■ Task item
In the material below, begin at the line that has "Meeting room within", stop after the line that has "Ladies Greg Norman", and transcribe those lines exactly, without pictures.

────────────────────────────────────────

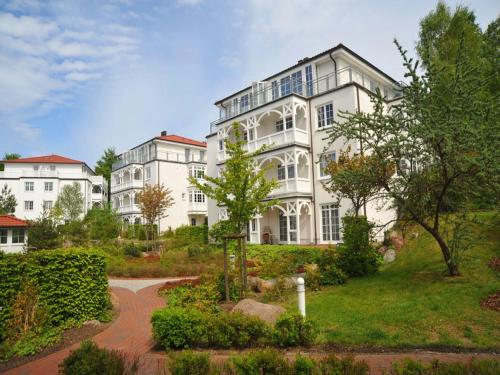 un gran edificio blanco con un jardín delante de él en Ferienwohnungen auf Rügen, en Binz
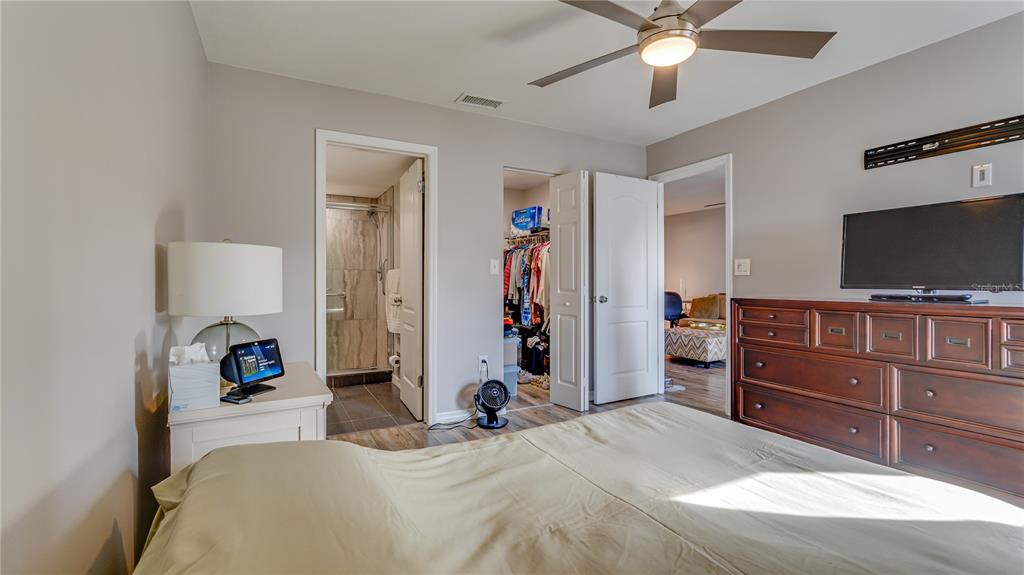 6145 113th Street, Unit 415 Seminole, FL 33772 - Photo 21 of 35 a bedroom with a bed and a flat screen tv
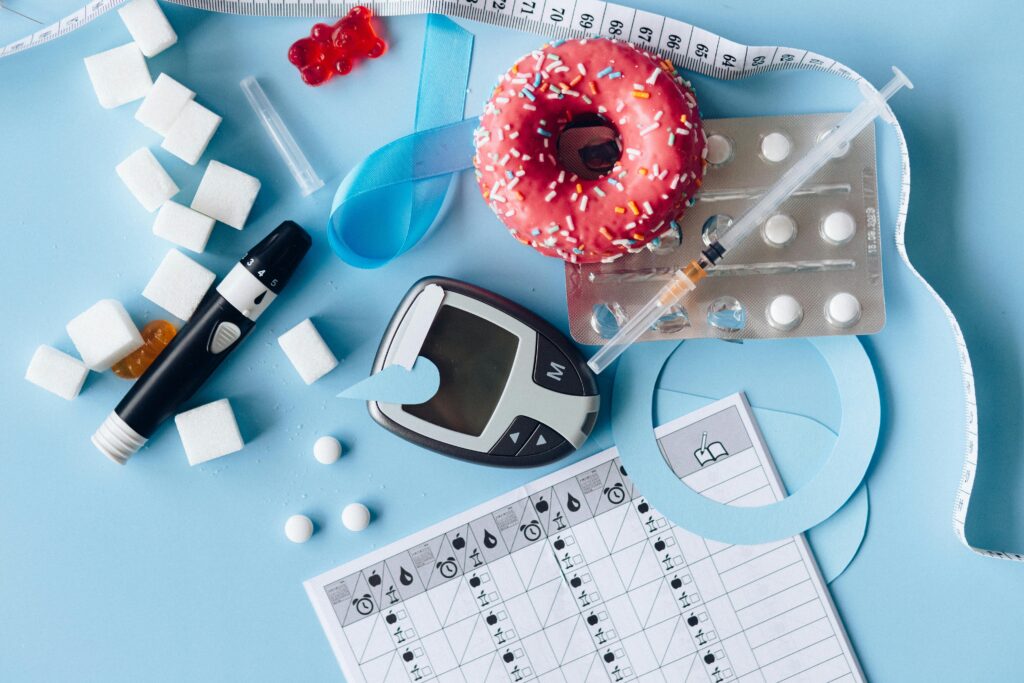 An image depicting diabetes by showing a doughnut, sugar cubes and a blood sugar level checker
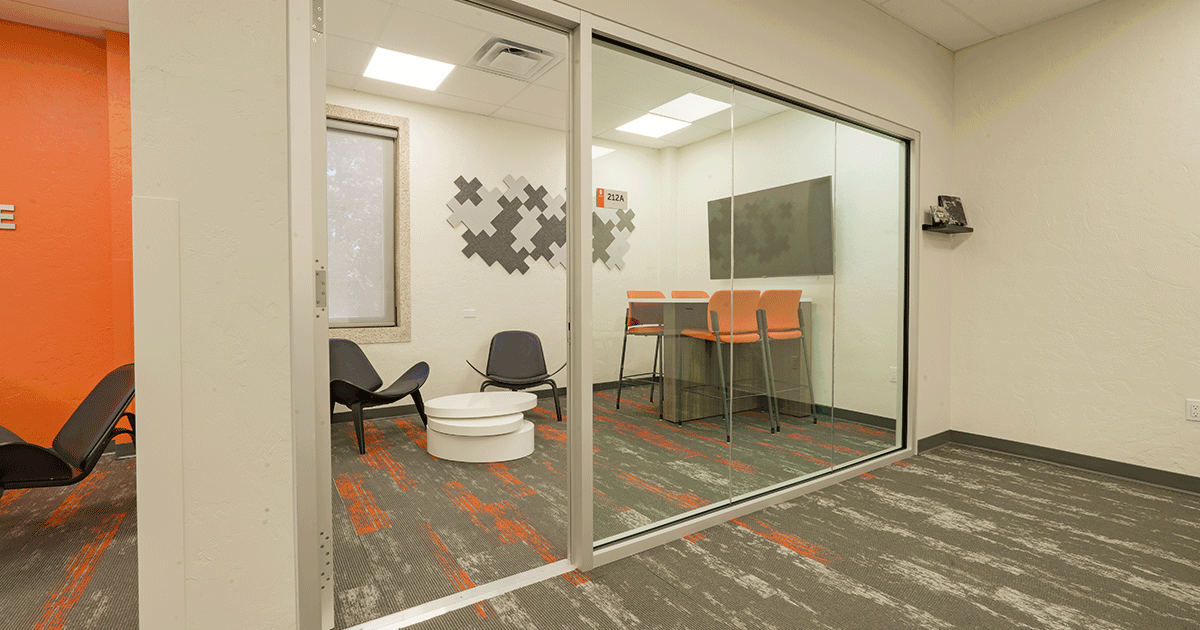 Meeting room within college of business classroom containing rows of desks and chairs and orange accents
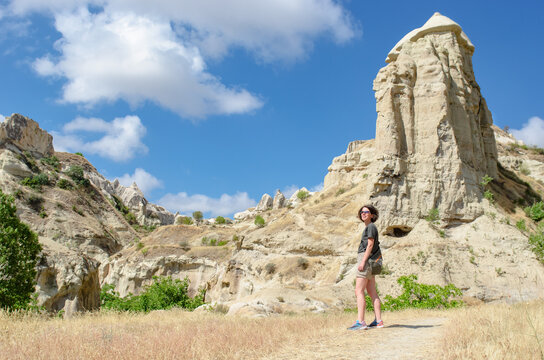 Travel vacation in Cappadocia, woman tourist hiking in valley in Cappadocia, Turkey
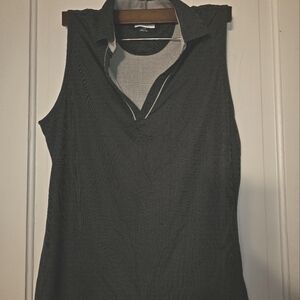 Ladies Greg Norman Golf collared, sleeveless polo shirt. Black/gray sz large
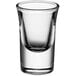 A close-up of a clear Acopa shot glass with a small rim.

────────────────────────────────────────

■ Exercise response
 Meeting room within college of business classroom containing rows of desks and chairs and orange accents
 Travel vacation in Cappadocia, woman tourist hiking in valley in Cappadocia, Turkey
 Ladies Greg Norman Golf collared, sleeveless polo shirt. Black/gray sz large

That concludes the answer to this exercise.